Take Paul Lukas's book, Inconspicuous Consumption: An Obsessive Look at the Stuff We Take for Granted, from the Everyday to the Obscure (Crown). While Lukas - who is, by the way, a sometimes rock critic - explicitly avoids writing about music in the book, there's really no way to avoid seeing music as the underlying theme of Lukas's - as I put it recently - "waltz with capitalism." In Inconspicuous Consumption, Lukas writes: "Like most people, I have a basic series of staples that I buy just about every time I hit the supermarket ... but I also try to keep my eyes open for interesting products that I don't really want or need, things that strike me as intriguing, entertaining, puzzling, or some combination thereof. And in a commercial landscape filled with familiar brand names and logos we've seen again and again for decades, I try to stay alert for consumer revelations and epiphanies that I might have overlooked or previously taken for granted."
Substitute the words "record store" for "supermarket" and I imagine he has touched on the way most of us consume music. Why do I imagine this? Because I'm a music critic.
Still wondering how you, a non-music-critic, might make sense of, say, a song that grappled with the meaning of post-war German art? Well, you'd think they'd be a bit beyond my purview, too. But that's only if you think the paintings are really German. Take Richard Buckner's Vater, which gives voice to one of my favorite paintings, Caspar David Friedrich's The Wanderer above the Mists. Technically, it's a German canvas, but the jagged landscape lorded over by a solitary, black-clad figure has always struck me as quintessentially American. Why? Because I'm American.
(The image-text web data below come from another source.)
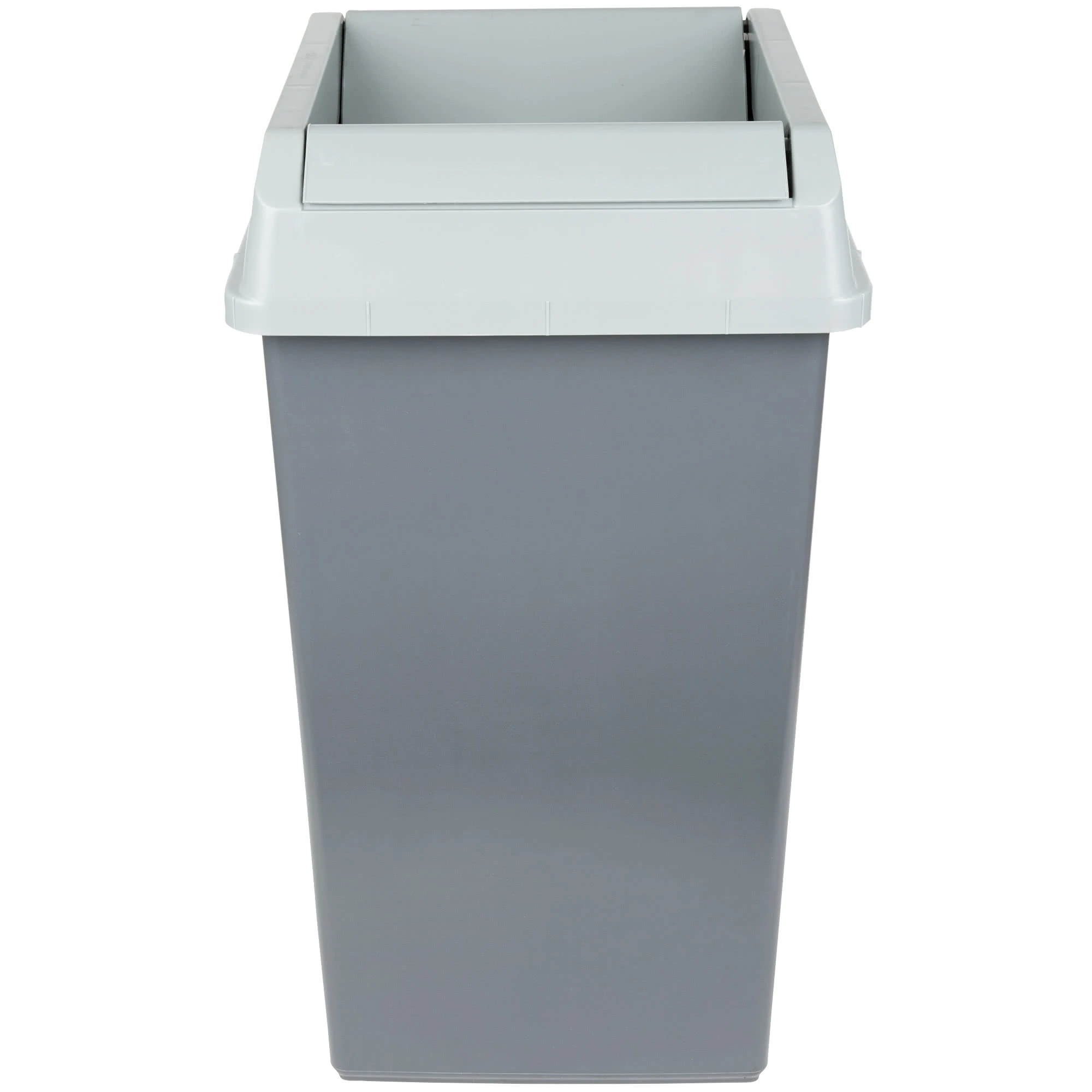 Continental Swingline Square 112 Litre Bin & Lid Grey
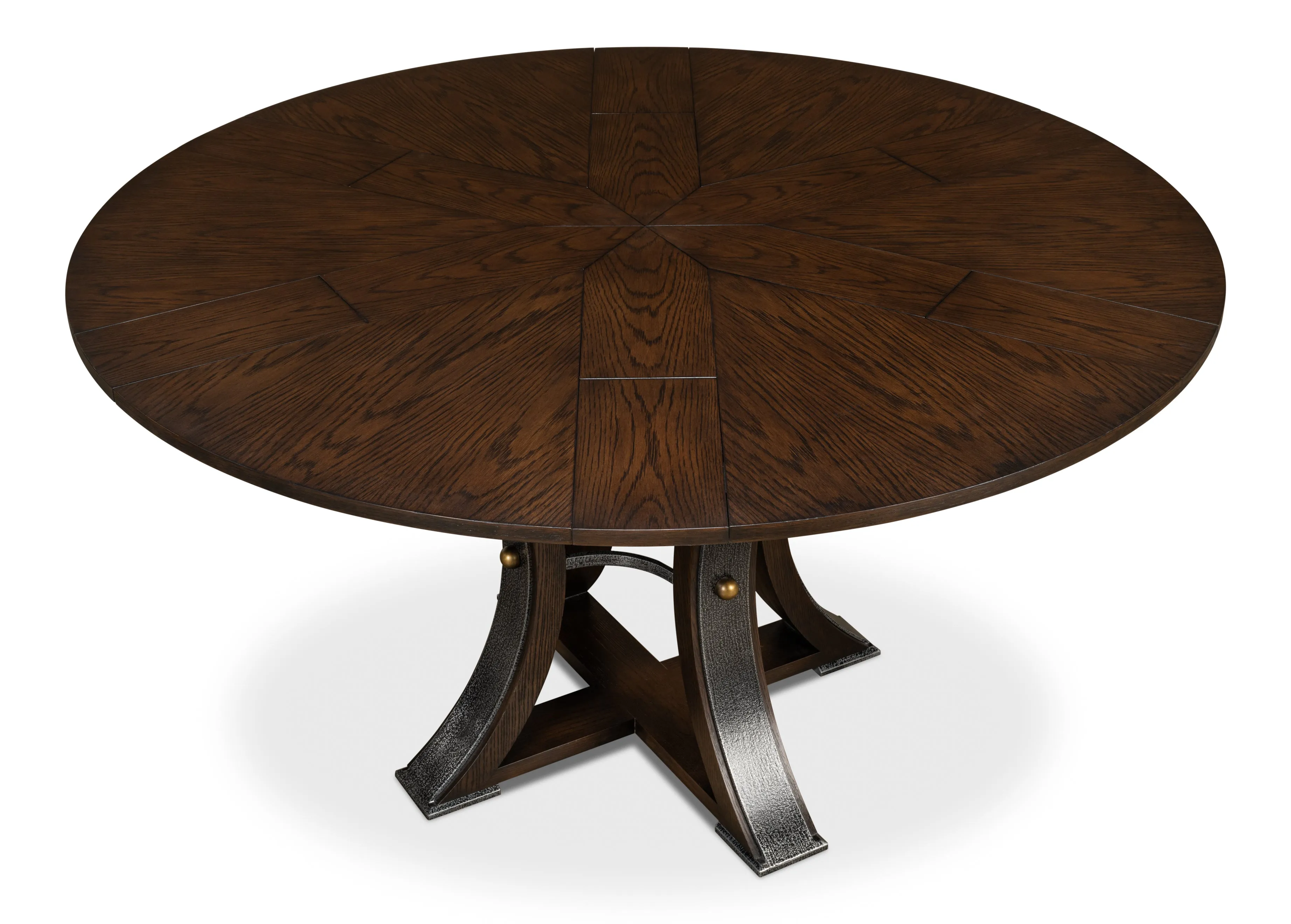 Sarreid - Tower Jupe Dining Table Sm Burnt Brown - Brown - Transitional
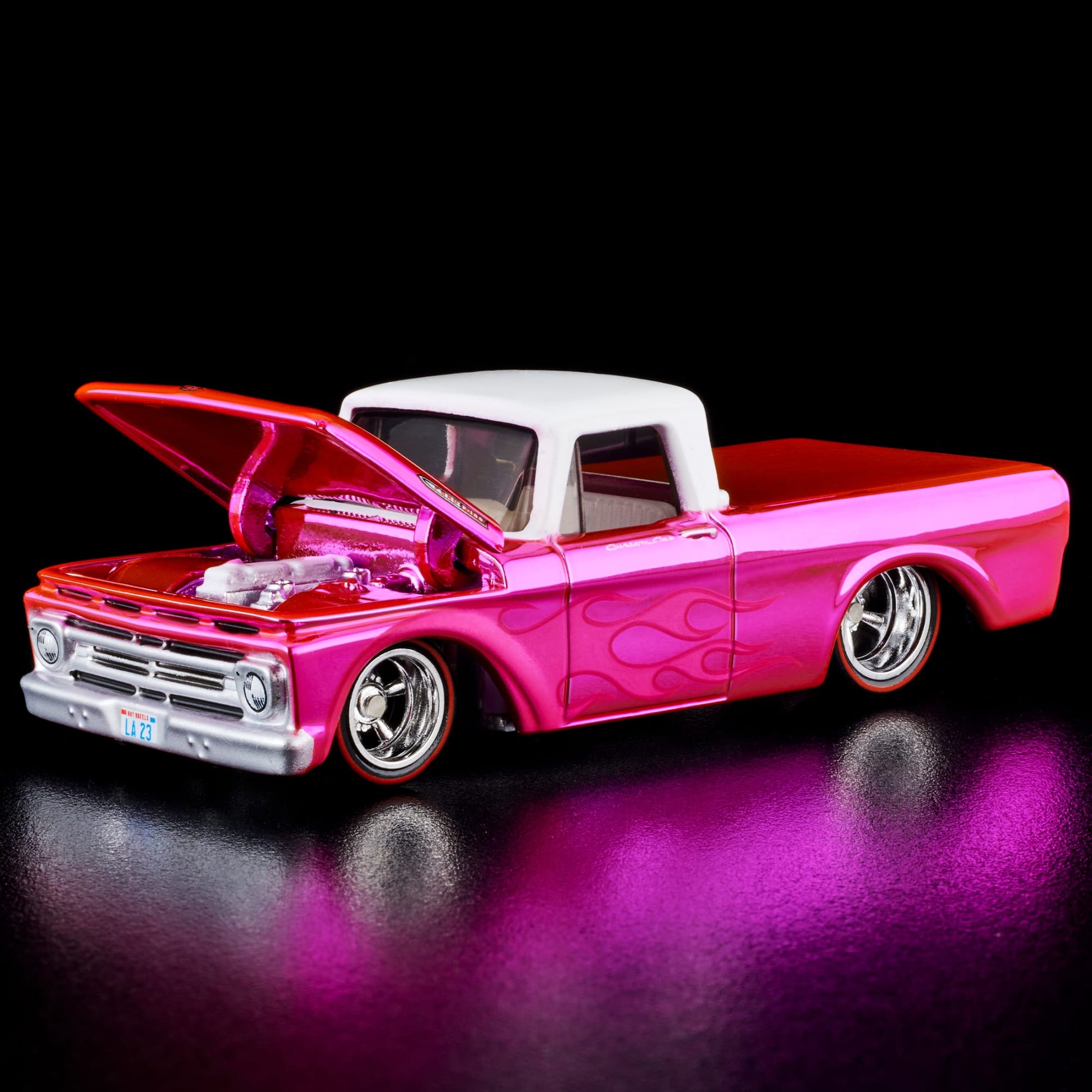 RLC Exclusive Pink Edition 1962 Ford F100 Xe Mô Hình Hot Wheels Red Line Club - Hình ảnh bổ sung 4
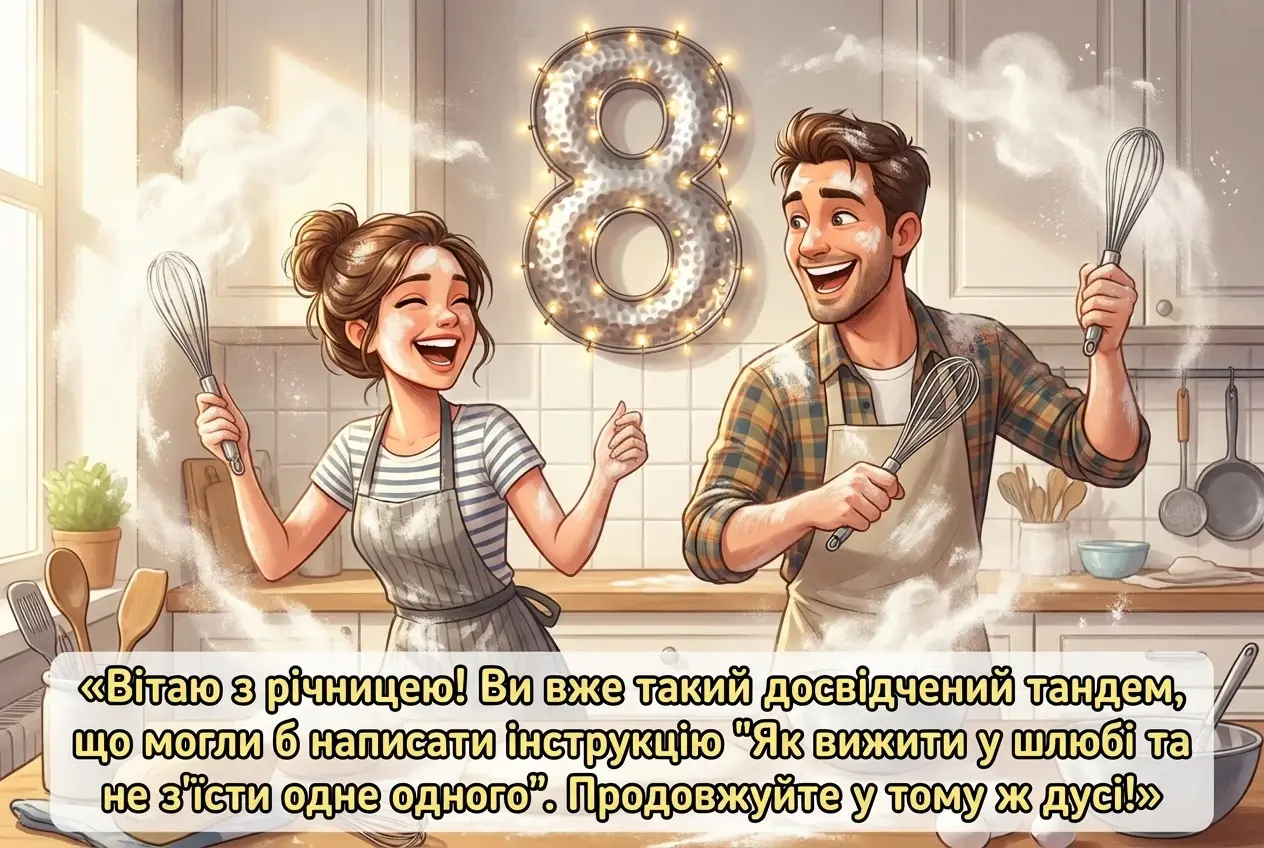 8 років весілля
While cross-media background and analysis is an inherent part of most critics' analytic arsenal, reducing rock 'n' roll to anything but my own personal experience misses the point of it as an experience, period. What makes me prefacing all my insights with "As a woman" or "As an American" a transcendent moment for anyone, of any gender or nationality, lucky enough to be reading me? Well, you don't have to be me to understand, but it helps.